Andor Episode 5 review: Star Wars writing has never been this good
Andor Episode 5 solidifies the show’s best qualities: its methodical pace; its conscious, affecting writing; and a palpable atmosphere of dread and hope, swirling together.
My eyes and ears have grown attuned to the search for Easter eggs, cameos, and fan-pleasing teasing. But with each installment, Andor feels like its own quiet rebellion against the Star Wars content machine.
There’s no traditional hero figure. Don’t go looking for a Poe Dameron or Finn among the Rebels. Even the villains are more self-aware than their sniveling predecessors. For once, it feels like we’re expanding the galaxy far, far away in a meaningful, authentic way.
Episode 5 is brave, if only for how it refuses to hop, skip, and jump to the nearest perilous escapade after the action-packed highs of Episode 3.
Spoilers for Andor Episode 5 to follow…
Andor Episode 5: Syril’s bitterness grows at home
The episode begins with Syril Karn (Kyle Soller) at home with his mum Eedy (Kathryn Hunter), lost in the blue void of his bowl of cereal. I implore you to look around the set in this scene. The production design is superb; the subtle blinking lights, the mustard seating on the off-white paneling.
The pair bicker about Syril’s lack of communication and “future prospects”, and she decides to call Uncle Harlo to find him work. This is a man cast aside by force he pledged his allegiance to, and his wistful anger screams from his constant grimace.
He eventually seeks solitude in his room, glancing out as the Empire blocks the sun, and staring into Cassian’s (Diego Luna) holograph.

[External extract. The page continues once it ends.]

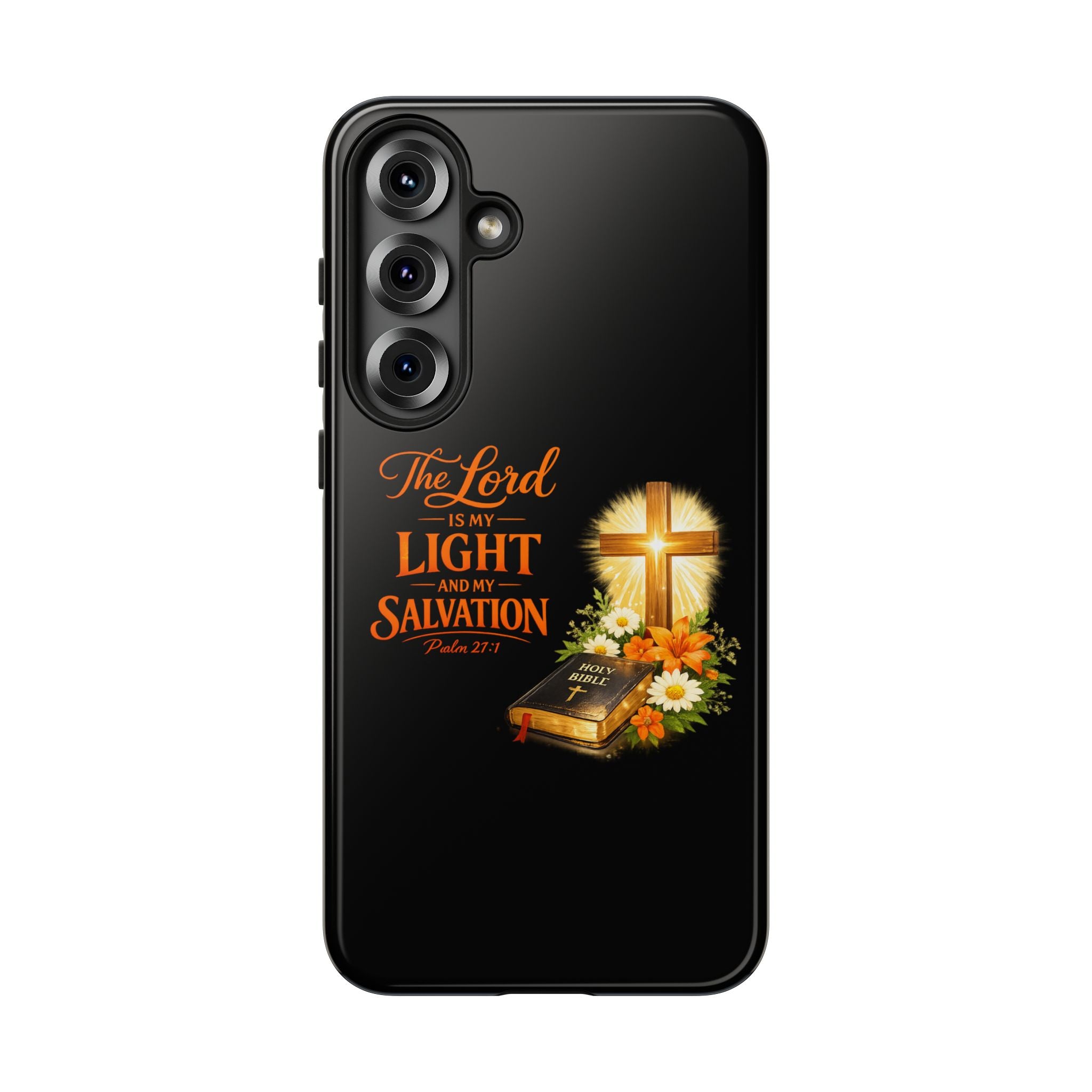 Christian Phone Case — "The Lord Is My Light and My Salvation" Bible Verse Design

Andor Episode 5: Rebels with a cause
Meanwhile, back at the Rebel camp, Cassian wakes up to find somebody has taken his gear from his bedside. He catches Skeen (Ebon Moss-Bachrach) inspecting it on the instruction of Val, and he notes his small inventory. “You left in a hurry,” he says.
They speak about their experiences in war. “The axe forgets but the tree remembers. Now it’s our turn to do the chopping,” Skeen says – it’s a line so good it makes you forget you’re watching Star Wars.
If you were expecting the squad to carry out their pincer movement, fool on you. Episode 5 is all about getting to know the people behind the rebellion, whether it’s Skeen’s tragic reasons for hating the Empire – which fuel his distrust of Andor, especially when he finds his Sky Kyber – or Nemik’s (Alex Lawther) ambitions to write a manifesto.
With the latter, it’s a minute-long stretch of incisive, political musings far beyond the usual dose of under-the-Empire-thumb complaints. “The pace of repressions outstrips our ability to understand it,” Nemik says. It’s hard to overstate Tony Gilroy’s mature influence on the series.
Cassian begins to peel back the group’s half-baked training. They walk like soldiers, but don’t carry their guns correctly. They know how to get to the freighter, but they don’t know how to fly it out. Then there’s the threat from the skies, with a TIE Fighter bringing its deafening wail along the valley. “Surprise from above is never as shocking as one from below,” Nemik quips.
Andor Episode 5: Luthen and Mon Mothma take a backseat
We catch brief scenes of Luthen (Stellan Skarsgård) and Mon Mothma (Genevieve O’Reilly). The former is only seen towards the end, attentively and nervously listening to a radio in his shop on the eve of the mission. His absence is felt, but not so much that it encumbers the episode.
Our moments with Mon Mothma are a bit miserable. This time, we see how her passive-aggressive dynamic with her husband has infested her daughter, who’s uninterested in any of her mum’s political engagements or efforts to include her.
We also touch base with Dedra Meero (Denise Gough), who’s still trying to remove the stones from Luthen’s trail. While clearly the main antagonist of Andor, she’s not angsty or hysterical in her goal to catch them – she even praises them, saying: “If it were me, this is how I’d do it.”
Andor Episode 5: The Rebellion reframed for a new saga
In past Star Wars shows and movies, the Empire’s malevolence has bordered on pantomimic, never afraid to exert its force but still overtly wicked.
Here, their impact is woven into the fabric of society, from the ever-changing infrastructure to families who’ve lost brothers and sisters to the despair of their rule. “Everyone has their own rebellion,” Vel tells Cassian. Already, Andor is operating in a different emotional league.